The story took place during a moment in my life when I was overtaken with feelings of deep sadness for the earth and how humans mistreat it. I was particularly heartbroken over the way trees are carelessly massacred without any thought or respect for their sentience. I wanted to know how the trees could deal with such rampant death and destruction. Were they angry? Were they sad? How could they not be?

So I journeyed to a particularly large and ancient tree who seemed as though it would be wise enough to speak for all the trees. I did this in a quiet meditative state, where I projected my consciousness beyond my body so that I could see and feel and hear the spirit of the tree more easily than I can from my ordinary state of mind.  I asked it to show me how it felt about the way its fellow trees were being treated. I asked the tree for forgiveness for my own humanness and for the wrongs I carried for myself and all my ancestors and relations. I asked if the tree would help me understand how to deal with this heavy sadness that weighed my heart down. 

Of course, the tree was not angry or even upset. What the tree conveyed to me instead was a state of total neutrality. It was not concerned with humans or other trees or the earth. It did not need my apologies. It did not need me to carry around my own or anyone else’s wrongdoings. It did not need anything at all from me. 

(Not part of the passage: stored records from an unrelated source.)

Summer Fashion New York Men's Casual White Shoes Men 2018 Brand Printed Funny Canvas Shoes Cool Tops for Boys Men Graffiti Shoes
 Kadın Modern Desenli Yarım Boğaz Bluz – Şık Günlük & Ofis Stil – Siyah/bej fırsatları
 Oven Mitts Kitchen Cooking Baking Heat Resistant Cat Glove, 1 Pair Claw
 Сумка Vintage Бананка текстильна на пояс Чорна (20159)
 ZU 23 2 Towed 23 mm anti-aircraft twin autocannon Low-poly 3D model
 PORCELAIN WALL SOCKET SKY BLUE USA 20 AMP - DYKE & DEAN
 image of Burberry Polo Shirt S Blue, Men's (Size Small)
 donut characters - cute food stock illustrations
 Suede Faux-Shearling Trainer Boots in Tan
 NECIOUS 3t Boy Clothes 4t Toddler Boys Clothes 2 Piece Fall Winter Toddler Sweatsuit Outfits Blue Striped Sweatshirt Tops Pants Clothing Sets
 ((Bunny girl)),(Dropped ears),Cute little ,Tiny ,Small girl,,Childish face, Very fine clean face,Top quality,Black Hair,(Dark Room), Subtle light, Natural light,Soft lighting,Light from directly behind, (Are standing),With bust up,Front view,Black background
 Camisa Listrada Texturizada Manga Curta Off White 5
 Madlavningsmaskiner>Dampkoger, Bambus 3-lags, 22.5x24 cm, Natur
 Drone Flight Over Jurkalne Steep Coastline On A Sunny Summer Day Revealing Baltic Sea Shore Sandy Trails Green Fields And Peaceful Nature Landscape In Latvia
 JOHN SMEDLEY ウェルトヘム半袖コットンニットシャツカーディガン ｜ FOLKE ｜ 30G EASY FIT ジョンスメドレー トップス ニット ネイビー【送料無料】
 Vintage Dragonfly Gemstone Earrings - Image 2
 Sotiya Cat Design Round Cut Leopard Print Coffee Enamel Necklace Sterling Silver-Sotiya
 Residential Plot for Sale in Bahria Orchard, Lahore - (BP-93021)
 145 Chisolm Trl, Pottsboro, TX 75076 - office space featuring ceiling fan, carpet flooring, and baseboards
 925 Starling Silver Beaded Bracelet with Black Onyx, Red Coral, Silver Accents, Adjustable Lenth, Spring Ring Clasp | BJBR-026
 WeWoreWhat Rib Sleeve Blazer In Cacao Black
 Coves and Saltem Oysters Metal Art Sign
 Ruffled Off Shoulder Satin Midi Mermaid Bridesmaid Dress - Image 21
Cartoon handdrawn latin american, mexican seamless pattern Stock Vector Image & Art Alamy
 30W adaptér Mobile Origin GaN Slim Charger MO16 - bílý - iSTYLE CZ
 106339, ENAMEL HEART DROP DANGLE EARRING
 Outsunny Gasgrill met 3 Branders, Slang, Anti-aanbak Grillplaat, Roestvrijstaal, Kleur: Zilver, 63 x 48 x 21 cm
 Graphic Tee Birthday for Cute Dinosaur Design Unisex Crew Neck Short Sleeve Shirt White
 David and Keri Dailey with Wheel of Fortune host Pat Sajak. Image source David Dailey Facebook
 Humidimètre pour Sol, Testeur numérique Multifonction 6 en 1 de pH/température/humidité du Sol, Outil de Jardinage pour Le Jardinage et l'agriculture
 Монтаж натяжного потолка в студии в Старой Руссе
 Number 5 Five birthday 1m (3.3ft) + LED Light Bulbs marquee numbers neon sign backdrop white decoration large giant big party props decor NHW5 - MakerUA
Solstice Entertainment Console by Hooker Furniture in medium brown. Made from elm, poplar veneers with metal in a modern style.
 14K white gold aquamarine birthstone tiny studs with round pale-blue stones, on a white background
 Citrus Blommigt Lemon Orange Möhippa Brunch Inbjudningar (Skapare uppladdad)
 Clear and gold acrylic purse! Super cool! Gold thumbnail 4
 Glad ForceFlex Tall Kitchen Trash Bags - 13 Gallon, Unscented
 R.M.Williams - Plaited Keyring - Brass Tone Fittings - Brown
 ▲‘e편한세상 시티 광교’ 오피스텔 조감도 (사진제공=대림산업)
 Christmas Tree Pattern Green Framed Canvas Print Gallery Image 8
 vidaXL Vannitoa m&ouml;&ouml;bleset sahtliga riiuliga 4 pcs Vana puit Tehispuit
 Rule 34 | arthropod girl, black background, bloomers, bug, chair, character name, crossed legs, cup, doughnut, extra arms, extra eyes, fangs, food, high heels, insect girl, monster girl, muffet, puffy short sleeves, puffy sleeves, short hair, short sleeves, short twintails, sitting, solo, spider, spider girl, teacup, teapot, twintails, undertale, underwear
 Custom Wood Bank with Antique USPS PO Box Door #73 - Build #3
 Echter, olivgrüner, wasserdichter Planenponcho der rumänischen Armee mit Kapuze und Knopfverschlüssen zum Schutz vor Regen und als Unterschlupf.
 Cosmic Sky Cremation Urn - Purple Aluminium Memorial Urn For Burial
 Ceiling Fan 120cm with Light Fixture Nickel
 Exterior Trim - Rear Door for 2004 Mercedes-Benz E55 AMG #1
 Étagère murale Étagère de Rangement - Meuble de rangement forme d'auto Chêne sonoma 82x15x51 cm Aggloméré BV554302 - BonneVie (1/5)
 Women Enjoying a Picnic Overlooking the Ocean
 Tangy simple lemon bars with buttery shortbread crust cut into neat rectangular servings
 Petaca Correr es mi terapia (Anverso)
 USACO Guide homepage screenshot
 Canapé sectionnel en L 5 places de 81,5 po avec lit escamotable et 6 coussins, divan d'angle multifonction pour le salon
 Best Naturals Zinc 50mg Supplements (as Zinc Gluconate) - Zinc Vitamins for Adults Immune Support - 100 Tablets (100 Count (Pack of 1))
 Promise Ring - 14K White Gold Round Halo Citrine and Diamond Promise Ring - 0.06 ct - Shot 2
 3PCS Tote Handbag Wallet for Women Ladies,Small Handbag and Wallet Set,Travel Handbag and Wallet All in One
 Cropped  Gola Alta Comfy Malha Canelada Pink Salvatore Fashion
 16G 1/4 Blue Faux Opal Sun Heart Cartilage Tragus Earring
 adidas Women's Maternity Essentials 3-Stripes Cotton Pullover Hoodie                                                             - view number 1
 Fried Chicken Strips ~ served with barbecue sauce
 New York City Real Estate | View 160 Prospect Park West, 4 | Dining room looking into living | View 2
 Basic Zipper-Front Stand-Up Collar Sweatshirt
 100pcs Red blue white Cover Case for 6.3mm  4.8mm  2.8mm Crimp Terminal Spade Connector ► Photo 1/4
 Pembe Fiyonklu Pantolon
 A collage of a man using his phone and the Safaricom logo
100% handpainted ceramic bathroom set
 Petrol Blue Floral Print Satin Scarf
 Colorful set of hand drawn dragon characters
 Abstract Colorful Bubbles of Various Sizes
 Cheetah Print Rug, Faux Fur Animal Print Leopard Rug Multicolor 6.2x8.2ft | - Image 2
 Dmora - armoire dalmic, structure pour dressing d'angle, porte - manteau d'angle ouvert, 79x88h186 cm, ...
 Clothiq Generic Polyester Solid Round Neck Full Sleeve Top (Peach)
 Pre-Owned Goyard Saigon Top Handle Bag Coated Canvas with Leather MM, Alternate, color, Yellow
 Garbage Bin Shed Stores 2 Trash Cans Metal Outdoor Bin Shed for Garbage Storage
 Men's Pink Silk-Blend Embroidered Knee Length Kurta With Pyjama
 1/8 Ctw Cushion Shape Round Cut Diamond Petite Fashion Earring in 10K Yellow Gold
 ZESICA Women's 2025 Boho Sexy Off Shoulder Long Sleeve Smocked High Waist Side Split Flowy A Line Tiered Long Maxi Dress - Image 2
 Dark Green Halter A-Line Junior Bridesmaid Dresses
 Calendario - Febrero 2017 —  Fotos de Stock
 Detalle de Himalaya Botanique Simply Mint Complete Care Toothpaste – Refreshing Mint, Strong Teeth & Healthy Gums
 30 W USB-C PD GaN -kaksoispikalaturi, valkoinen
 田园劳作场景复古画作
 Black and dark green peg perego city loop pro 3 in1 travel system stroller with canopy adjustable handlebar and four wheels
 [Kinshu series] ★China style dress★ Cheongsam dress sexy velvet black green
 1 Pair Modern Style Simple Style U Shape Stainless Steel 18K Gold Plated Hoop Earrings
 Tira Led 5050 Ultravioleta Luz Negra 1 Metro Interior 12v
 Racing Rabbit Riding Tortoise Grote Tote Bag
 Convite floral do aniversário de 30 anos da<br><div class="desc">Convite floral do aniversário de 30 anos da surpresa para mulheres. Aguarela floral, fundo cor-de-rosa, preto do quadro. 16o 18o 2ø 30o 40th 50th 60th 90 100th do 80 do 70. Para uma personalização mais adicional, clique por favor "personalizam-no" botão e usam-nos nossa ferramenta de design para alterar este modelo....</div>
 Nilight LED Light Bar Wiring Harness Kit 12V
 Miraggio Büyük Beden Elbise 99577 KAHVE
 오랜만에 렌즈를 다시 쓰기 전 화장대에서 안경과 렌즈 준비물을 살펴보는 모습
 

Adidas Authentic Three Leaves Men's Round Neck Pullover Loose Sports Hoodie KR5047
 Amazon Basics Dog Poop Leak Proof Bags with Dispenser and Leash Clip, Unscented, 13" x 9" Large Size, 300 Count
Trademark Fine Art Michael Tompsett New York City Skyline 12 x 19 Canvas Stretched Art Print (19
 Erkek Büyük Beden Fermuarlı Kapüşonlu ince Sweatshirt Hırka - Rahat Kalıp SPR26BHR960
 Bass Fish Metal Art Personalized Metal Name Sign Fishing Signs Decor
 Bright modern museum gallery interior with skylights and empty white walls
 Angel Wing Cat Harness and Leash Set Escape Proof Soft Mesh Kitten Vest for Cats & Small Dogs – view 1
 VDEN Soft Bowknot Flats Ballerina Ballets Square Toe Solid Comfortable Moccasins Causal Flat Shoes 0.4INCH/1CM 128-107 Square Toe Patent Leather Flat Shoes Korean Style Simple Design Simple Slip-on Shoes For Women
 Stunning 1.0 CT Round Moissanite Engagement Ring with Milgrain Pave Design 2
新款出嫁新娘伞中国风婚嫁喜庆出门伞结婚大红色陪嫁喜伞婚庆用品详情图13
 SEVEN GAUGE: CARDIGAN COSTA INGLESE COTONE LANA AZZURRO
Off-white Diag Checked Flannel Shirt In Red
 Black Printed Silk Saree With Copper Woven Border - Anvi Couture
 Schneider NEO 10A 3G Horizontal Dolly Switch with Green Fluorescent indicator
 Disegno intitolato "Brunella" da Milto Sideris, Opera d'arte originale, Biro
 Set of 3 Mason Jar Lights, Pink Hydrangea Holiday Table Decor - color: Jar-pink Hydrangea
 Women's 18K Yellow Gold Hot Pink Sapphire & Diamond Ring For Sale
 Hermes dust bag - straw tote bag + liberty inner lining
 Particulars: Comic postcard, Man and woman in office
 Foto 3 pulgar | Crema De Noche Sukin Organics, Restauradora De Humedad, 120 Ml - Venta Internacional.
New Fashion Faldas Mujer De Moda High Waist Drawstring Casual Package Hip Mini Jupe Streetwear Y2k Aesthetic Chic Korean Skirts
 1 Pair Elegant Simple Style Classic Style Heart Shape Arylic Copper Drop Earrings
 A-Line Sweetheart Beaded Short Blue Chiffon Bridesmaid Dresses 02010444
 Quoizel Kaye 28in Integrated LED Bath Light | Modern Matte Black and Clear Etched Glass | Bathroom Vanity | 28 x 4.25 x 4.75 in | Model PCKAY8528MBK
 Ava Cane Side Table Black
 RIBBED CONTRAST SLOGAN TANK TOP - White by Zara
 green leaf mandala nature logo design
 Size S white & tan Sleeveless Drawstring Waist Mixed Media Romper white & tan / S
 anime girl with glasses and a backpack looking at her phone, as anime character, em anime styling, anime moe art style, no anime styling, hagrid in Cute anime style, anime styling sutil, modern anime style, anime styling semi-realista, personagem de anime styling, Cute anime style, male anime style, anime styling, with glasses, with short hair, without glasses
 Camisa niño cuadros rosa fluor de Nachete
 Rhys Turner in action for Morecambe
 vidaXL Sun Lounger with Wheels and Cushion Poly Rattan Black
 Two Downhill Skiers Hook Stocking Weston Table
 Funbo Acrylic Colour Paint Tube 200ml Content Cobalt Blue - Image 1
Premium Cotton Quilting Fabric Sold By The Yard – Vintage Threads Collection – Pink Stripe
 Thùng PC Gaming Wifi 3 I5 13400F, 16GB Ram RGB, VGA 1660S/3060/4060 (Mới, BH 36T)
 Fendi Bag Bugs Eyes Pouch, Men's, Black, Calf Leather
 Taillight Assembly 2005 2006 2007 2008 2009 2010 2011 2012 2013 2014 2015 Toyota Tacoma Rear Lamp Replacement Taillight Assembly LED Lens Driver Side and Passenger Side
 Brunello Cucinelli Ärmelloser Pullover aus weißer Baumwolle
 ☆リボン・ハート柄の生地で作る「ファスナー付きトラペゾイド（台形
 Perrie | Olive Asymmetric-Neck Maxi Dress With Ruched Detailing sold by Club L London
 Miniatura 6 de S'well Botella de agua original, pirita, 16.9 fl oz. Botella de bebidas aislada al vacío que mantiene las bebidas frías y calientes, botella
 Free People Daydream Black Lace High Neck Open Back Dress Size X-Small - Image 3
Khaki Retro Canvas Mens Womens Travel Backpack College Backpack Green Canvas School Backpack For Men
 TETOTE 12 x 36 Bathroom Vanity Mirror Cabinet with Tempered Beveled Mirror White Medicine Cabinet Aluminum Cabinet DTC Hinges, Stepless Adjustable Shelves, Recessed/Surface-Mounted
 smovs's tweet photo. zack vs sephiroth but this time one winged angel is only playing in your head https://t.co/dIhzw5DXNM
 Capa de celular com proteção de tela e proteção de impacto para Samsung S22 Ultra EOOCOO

And yet there was a very mutually satisfying exchange that happened between us, simply by my reaching out and saying hello. I learned that my attention was the greatest gift I could give to this or any being. I learned that by simply opening my heart to it, I could feel the kind of peace and neutrality that is so abundant in all of nature. My own judgment seeped out of my body as a new awareness came in. I too could be neutral like this tree. 

When I shared this story with my client, I could see that she understood. She was receptive enough to feel the transmission that I had received from this tree or perhaps the tree was now offering itself to her through me. Without my needing to address her issue head-on, she found her way to her own resolution. 

Sometimes, perhaps always, the best way to love someone is to let them have their own trials and tribulations, trusting that their suffering is exactly what they need. By knowing that it is from their highest wisdom that they attract these rites and initiations, we honor them. 

When we love the way trees love, we do not ask people to be better than they are. When we can sit with the neutrality of the trees, we do not suffer for our own or anyone else’s destruction. When we listen the way trees listen, we hear the bigger story of timelessness and perfection.